▶ **What is being asked**
Exclude the pictures and set down, unaltered, the lines from the one that holds "Felt ornament, mice fairy dress" through the end of the data.
━━━ Recorded information
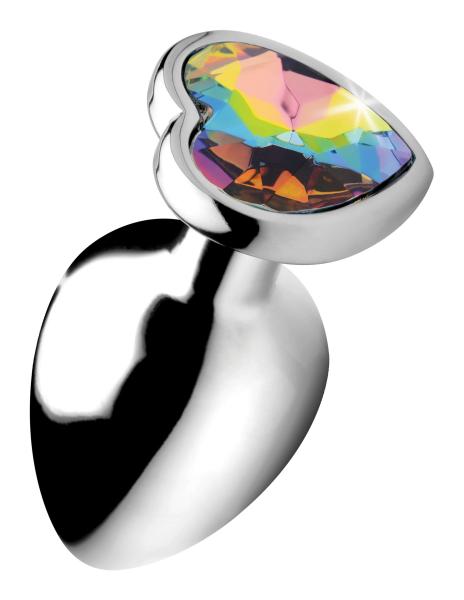 Bootysparks Rainbow Prism Heart Anal Plug - Large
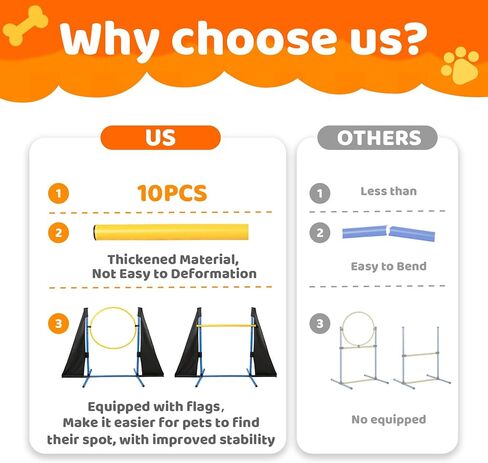 POPMOON Dog Agility Equipment 10 PCS, Dog Agility Course Backyard Set in Kuwait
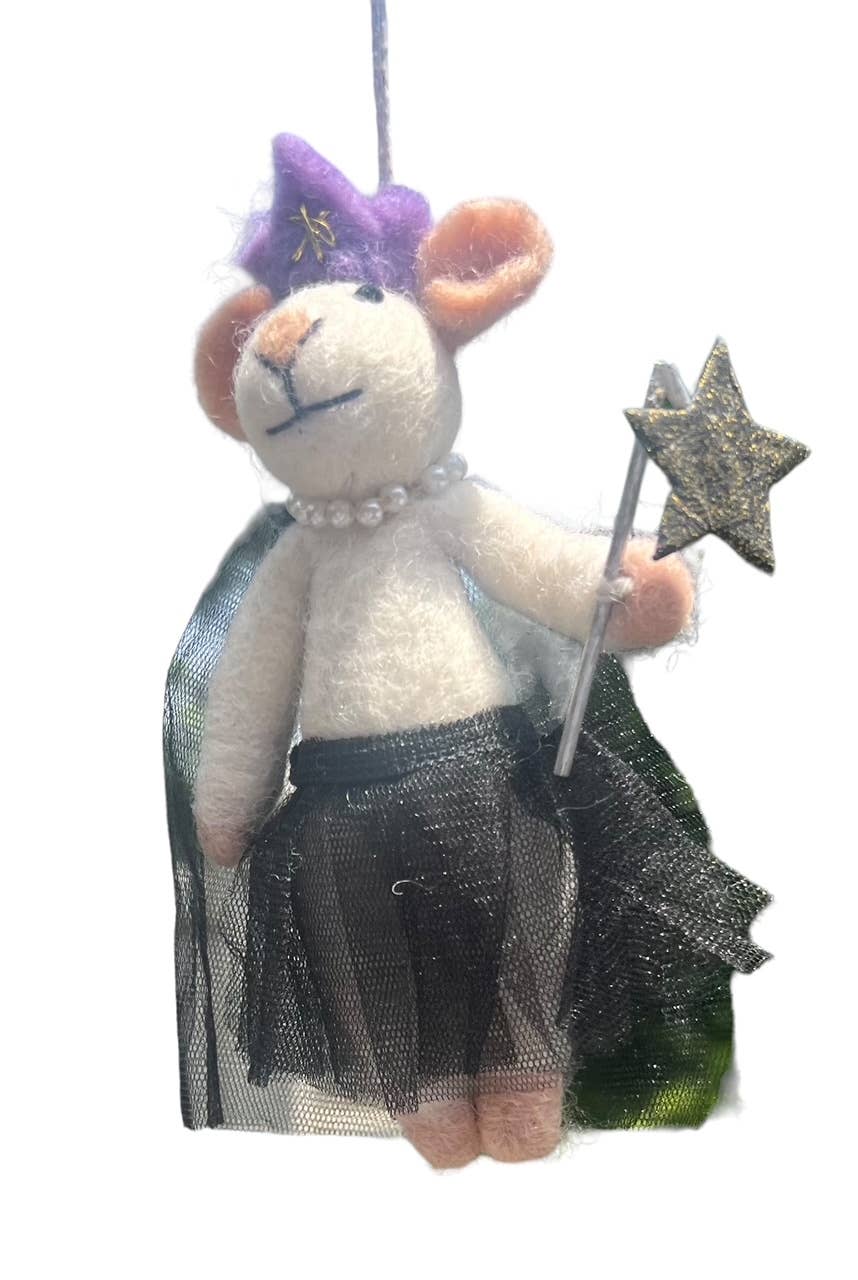 Felt ornament, mice fairy dress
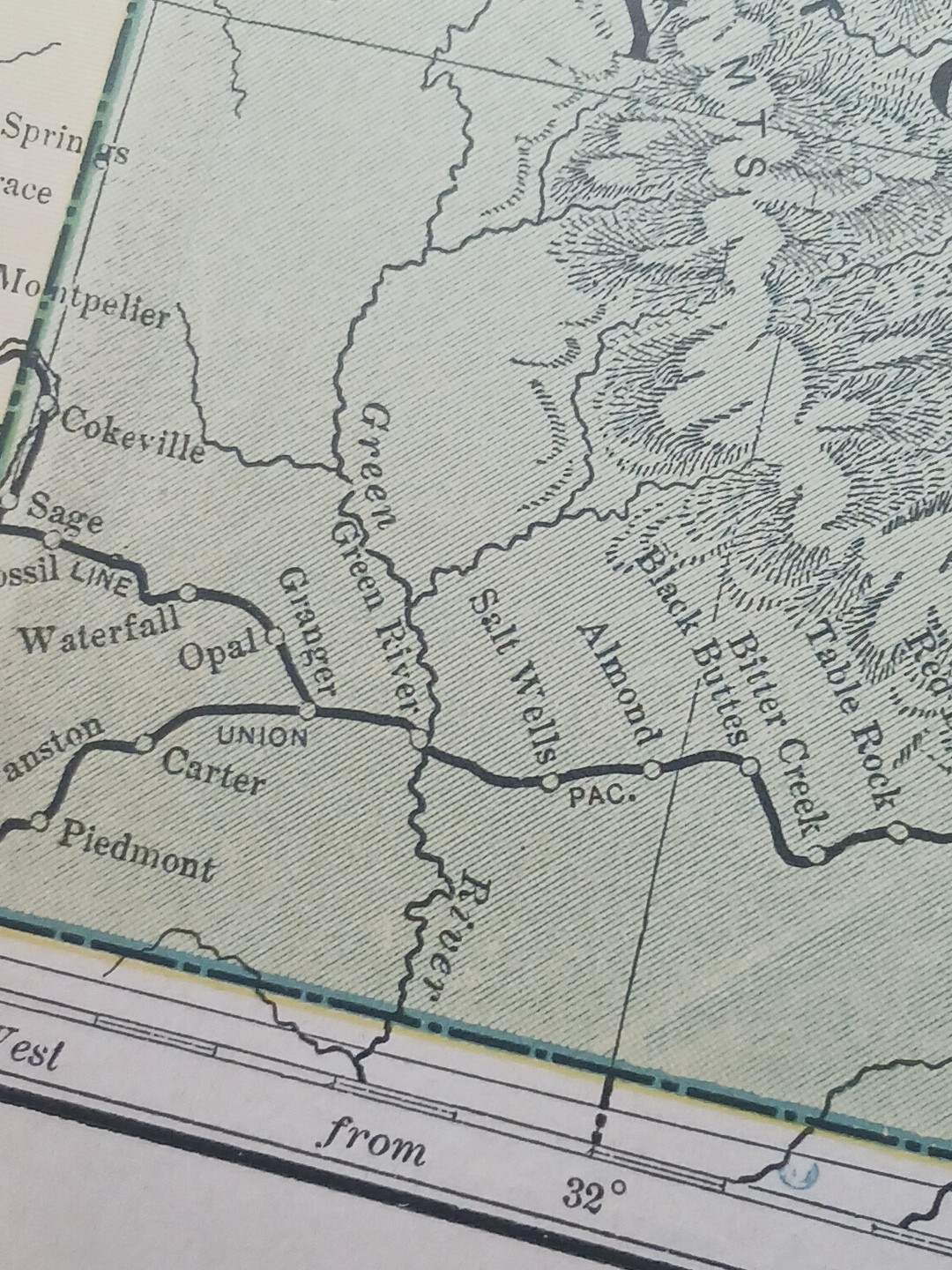 1904 dated Railroad Map MONTANA IDAHO WYOMING All Lines & Train Routes 11″x9″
━━━━━━
▶ **Response area**
 Felt ornament, mice fairy dress
 1904 dated Railroad Map MONTANA IDAHO WYOMING All Lines & Train Routes 11″x9″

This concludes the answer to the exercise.